Quantum advantage makes reference to the moment when a quantum computer can calculate hundreds or thousands of times faster than a traditional computer, while quantum supremacy is achieved the moment quantum computers are powerful enough to perform computing that classical supercomputers cannot perform at all. Constructing computing systems with higher qubits is the backbone of how quantum computing will achieve both end goals. The field is shifting dramatically. In 1998, researchers at IBM, Oxford, Berkeley, Stanford, and MIT produced a 2-qubit computing system. By 2018 Google confirmed that it managed to produce a 72-qubit computing system. Rigetti announced it will be going further than that, releasing a 128-qubit system within the year.
 
For the layperson, quantum computing still isn’t a household term. Quantum computing is quite a new technology, first introduced in 1982. The primary variation between the computers and computing systems we interact with daily and quantum computing is the way information is processed on the backend.

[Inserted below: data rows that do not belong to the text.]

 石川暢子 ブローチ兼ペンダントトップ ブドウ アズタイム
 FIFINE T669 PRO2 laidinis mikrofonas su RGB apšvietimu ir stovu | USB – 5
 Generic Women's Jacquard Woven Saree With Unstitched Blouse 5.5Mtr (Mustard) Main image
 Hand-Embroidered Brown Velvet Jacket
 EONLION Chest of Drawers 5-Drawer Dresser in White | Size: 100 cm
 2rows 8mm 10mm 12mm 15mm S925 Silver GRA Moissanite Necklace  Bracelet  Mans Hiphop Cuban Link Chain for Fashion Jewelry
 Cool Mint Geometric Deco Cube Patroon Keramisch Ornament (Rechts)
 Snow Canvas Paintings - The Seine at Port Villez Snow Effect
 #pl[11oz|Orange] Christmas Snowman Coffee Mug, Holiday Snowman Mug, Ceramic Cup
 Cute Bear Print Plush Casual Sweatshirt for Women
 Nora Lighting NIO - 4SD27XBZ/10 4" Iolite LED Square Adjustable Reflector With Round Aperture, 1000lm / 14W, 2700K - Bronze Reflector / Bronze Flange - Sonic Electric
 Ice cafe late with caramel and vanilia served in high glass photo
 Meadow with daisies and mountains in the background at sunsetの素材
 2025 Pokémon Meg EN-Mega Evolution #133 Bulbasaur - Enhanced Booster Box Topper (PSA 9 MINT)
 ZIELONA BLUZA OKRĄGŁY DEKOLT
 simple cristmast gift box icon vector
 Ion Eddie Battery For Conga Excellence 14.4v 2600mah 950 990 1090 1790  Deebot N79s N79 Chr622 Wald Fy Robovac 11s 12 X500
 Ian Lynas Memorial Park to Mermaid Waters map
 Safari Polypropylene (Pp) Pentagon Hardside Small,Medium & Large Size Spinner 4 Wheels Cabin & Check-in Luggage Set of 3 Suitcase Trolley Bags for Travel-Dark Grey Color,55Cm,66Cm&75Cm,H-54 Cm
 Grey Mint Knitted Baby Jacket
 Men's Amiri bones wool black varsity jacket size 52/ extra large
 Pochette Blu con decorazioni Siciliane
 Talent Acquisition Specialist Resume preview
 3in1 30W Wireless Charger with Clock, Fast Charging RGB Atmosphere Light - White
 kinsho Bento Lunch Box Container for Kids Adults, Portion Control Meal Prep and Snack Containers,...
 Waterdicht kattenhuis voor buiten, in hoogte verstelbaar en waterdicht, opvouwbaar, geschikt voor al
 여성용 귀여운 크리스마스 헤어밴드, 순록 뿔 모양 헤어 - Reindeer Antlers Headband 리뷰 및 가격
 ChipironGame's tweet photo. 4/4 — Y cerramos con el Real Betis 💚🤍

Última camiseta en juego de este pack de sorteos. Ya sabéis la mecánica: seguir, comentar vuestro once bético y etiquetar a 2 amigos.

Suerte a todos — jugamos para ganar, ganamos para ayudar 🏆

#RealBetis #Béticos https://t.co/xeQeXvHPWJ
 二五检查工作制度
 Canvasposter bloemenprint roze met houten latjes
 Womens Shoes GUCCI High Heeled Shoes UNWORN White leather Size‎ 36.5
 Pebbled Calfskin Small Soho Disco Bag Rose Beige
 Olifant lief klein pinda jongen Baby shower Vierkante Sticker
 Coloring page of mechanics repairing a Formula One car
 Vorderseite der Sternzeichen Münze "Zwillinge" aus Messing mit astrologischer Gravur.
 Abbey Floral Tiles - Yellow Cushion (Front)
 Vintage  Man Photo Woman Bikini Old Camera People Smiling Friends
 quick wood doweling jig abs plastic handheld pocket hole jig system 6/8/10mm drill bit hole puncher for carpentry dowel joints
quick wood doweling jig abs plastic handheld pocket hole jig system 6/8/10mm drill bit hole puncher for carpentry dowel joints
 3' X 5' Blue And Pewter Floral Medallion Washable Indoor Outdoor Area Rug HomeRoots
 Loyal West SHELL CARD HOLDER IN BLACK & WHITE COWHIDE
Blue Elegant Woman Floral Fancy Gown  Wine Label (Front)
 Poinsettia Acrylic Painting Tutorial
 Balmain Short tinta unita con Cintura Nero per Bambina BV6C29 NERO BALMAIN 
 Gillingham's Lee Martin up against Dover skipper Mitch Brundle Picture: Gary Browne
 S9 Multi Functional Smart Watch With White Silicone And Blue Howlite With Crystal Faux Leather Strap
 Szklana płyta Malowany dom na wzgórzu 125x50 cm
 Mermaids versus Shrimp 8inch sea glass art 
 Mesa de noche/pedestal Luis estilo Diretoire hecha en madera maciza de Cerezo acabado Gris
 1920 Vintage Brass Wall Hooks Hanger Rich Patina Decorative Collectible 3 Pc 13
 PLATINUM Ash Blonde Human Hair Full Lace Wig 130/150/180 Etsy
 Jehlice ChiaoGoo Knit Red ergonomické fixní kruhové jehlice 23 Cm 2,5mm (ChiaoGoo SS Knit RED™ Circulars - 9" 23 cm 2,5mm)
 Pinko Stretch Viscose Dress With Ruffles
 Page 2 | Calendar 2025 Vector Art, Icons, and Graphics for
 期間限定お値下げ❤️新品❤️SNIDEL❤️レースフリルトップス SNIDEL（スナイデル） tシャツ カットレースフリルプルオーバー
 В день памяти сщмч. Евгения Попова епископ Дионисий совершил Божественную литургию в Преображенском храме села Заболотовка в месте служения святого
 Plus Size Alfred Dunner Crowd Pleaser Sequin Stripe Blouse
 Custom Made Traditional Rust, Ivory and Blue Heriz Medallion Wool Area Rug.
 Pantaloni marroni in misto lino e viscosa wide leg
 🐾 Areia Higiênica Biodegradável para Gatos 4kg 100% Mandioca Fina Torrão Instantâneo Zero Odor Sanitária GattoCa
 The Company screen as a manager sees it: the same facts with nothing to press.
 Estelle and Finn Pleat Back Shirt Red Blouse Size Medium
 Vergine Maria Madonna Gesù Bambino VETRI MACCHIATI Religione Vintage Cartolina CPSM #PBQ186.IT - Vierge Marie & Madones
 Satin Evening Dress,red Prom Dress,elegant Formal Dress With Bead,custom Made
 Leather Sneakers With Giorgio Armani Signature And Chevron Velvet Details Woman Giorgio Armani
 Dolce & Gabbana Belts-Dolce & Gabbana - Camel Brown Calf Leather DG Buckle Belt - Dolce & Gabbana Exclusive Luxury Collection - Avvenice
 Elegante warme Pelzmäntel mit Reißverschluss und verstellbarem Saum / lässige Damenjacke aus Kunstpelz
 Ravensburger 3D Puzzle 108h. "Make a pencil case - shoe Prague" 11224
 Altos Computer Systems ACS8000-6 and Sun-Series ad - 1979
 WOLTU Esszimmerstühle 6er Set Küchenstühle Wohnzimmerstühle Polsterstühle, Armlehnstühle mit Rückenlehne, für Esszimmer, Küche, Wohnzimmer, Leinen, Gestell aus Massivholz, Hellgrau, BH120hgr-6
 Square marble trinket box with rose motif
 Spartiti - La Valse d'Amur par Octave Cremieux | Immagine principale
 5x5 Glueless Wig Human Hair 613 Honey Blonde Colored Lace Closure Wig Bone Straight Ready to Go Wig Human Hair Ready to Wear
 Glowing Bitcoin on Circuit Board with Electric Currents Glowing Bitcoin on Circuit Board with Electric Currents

The average computer relies on a binary system, that means the computer processes information using 0’s and 1’s. A bit is the littlest unit of data in a computer, and all data—the applications that are run, the images that appear—are translated into bits for the computer to understand and process.
 
A qubit takes the idea of a bit of information, which can only exist in one state or another and can only be processed one bit each time and complicates it by making it two-dimensional. Qubits can be processed simultaneously and exist in many states at the same time. That idea is named superposition and it implies that qubits can hold a zero, a one, or any combination of both zero and one at the same time, giving them the potential to be exponentially faster and far better than binary systems.